Too dramatic, he said. Dark. Nobody wants to read love-gone-wrong trash like this.
That semester I got three poems published, including the engagement one, but that professor gave me a B anyway.
It was the first time I met someone who thought he knew best for my life and talent (not the last), and I carried his voice on my back for a while.
But if we who have cracked beneath the blow of a critic want to create, we must shake the demon from our backs.
We must.
Because what the critics don’t understand is that we have to create what lives in us.
Maybe that’s a story about a pond where bodies lie buried beneath scum and every night they come walking. Maybe it’s a drawing of the fearsome creatures you see in your head at night. Maybe it’s a modern dance in a strip club instead of the stage ballet you were trained for.
Whatever we do, there will always be people who believe we’re wasting our talent on trash.
Create anyway.
They will whisper into our weak, What are you doing with your life?
And we will say, Everything.
We were made for this, what we’re doing right now, and nothing they say, none of the fear or discouragement or negativity they heap on us will ever change that.
So instead of feeling lousy about what we do, we must embrace it as something vital and valuable and beautiful for the world.
Because it is.
Do you have a story about a critic? How did you overcome the voice that followed you? What do you believe about your contribution to the world?
Welcome to The Ink Well Creative Community.

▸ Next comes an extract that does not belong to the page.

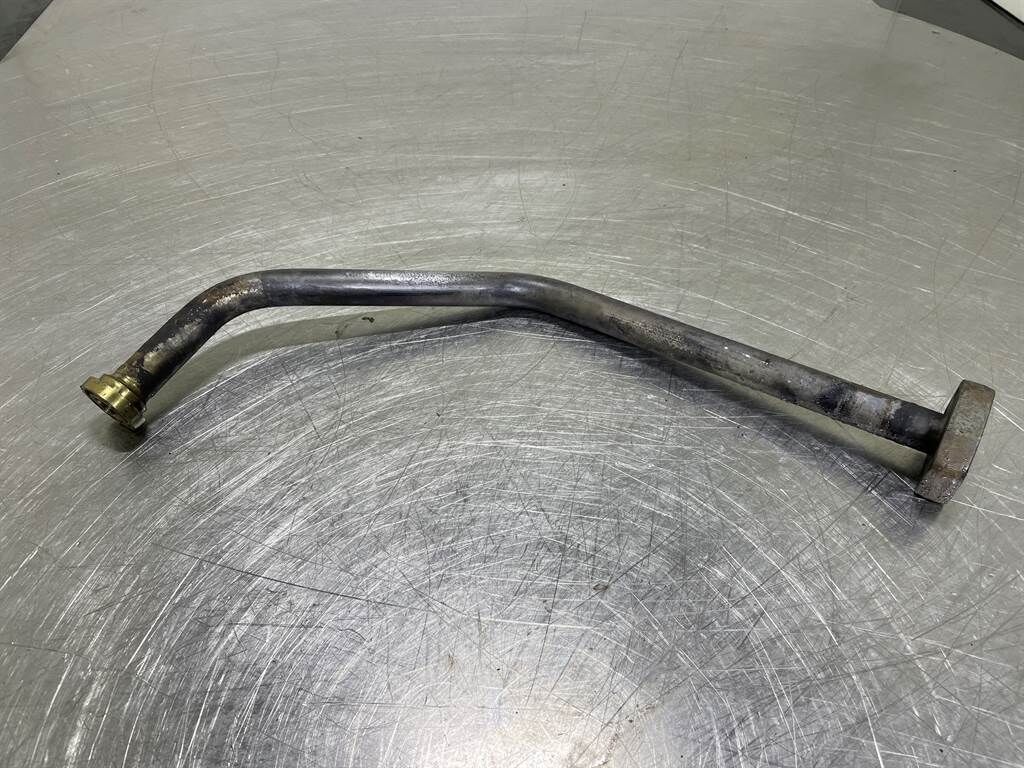 LH22M-94032801-Pipe elbow/Rohrbogen/Leiding 1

The Ink Well Community is evolving. While this used to be a place where I posted a prompt for writers to share their creative works, I have been receiving several inquiries about my process, how I create and read and manage a household with half a dozen little ones. So I thought we could turn this into a community of people who share about the creative process in all its many facets, from where we find our inspiration to when we find time to create (especially if we work other jobs). I’ll be sharing struggles about my creative life and logistical information about my particular creative process and what I’m learning about creativity, among many other things. I hope you’ll weigh in with your own struggles and observations and lessons. Let’s start a conversation. Let’s encourage one another. Let’s live the creative life together.

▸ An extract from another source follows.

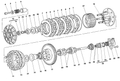11720031A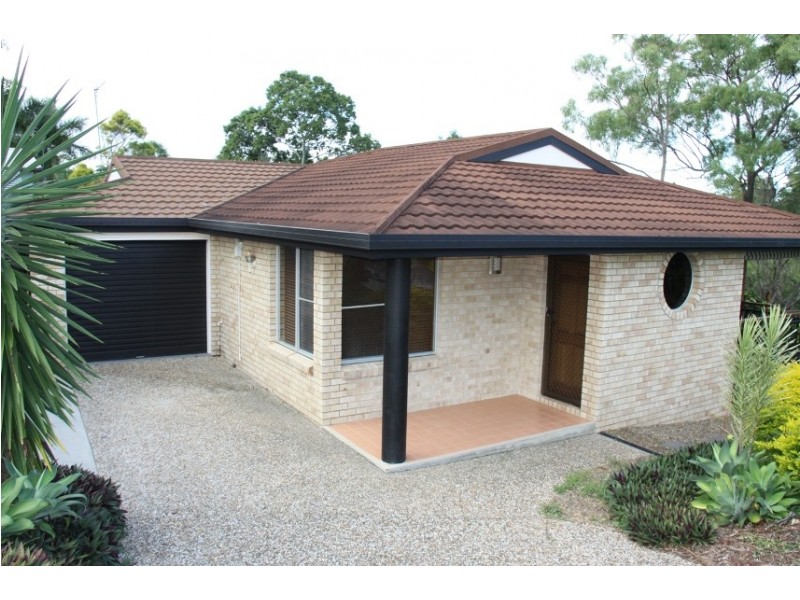 3 Gately Court, Tannum Sands QLD 4680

And if you have your own questions about creativity or process or inspiration, feel free to visit my contact page and send me a note.

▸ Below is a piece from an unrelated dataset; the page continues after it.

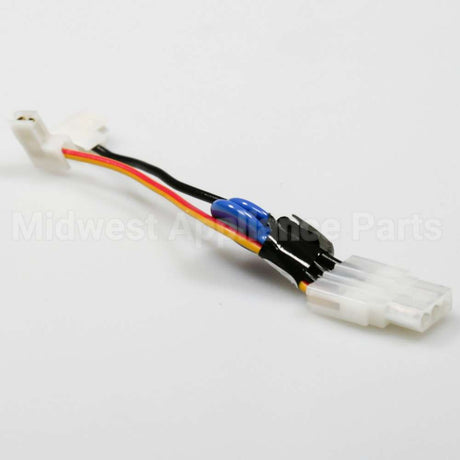WP3406653 Whirlpool Harns-Wire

I think it must be human’s limbic reptile brain that feels it necessary to denigrate the creative process, just in case the creative human comes up with something too startling (therefore frightening) and upsets the natural order of things. So you are absolutely right. Everyone of us should take joy in our creativity – fly on the tails of the goblin wind. What else are we here for?
Thanks for your input, Tish. I wonder that often: What else am I here for but to share my gifts with the world?
YES!
I would read anything you write, and cheer you on along the way! I’m wondering if you’ve read The Icarus Effect by Seth Godin? Also The War of Art, I can’t think of the author right now. Two great reads about this topic.
I have read The War of Art, but not The Icarus Deception. Going on my list! And thank you for the encouragement!
Sigh….I meant The Icarus Deception. And The War of Art is by Stephen Pressfield. En route for the holidays makes commenting tricky!